*WHAT IS EXPECTED*.
Pull out each line of the records holding the string "shoes".
──────── GIVEN RECORDS
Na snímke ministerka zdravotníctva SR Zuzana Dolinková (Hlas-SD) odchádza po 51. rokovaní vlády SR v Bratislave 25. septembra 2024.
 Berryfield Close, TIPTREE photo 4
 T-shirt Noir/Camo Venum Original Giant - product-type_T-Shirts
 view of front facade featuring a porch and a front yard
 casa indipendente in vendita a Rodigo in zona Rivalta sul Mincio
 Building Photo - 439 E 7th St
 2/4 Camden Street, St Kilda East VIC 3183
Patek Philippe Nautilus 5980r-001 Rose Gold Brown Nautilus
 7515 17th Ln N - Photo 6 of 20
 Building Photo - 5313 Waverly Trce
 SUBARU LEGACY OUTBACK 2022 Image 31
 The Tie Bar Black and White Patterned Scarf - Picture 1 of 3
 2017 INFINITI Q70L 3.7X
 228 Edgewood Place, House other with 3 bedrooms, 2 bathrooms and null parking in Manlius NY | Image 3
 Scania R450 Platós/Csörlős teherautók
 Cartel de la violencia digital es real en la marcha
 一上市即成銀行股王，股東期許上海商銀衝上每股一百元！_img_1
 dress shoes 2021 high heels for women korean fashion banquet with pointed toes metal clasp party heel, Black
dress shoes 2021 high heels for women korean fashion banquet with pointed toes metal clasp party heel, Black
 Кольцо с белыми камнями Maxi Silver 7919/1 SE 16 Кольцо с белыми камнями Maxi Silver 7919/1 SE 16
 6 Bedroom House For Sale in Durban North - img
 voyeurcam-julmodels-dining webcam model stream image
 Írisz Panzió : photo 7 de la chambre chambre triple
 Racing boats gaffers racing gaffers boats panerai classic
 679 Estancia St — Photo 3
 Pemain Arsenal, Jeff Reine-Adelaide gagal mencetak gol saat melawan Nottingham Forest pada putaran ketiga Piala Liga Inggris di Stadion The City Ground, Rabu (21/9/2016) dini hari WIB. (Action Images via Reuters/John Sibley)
────────────────
*PROBLEM SOLUTION*.
 dress shoes 2021 high heels for women korean fashion banquet with pointed toes metal clasp party heel, Black
dress shoes 2021 high heels for women korean fashion banquet with pointed toes metal clasp party heel, Black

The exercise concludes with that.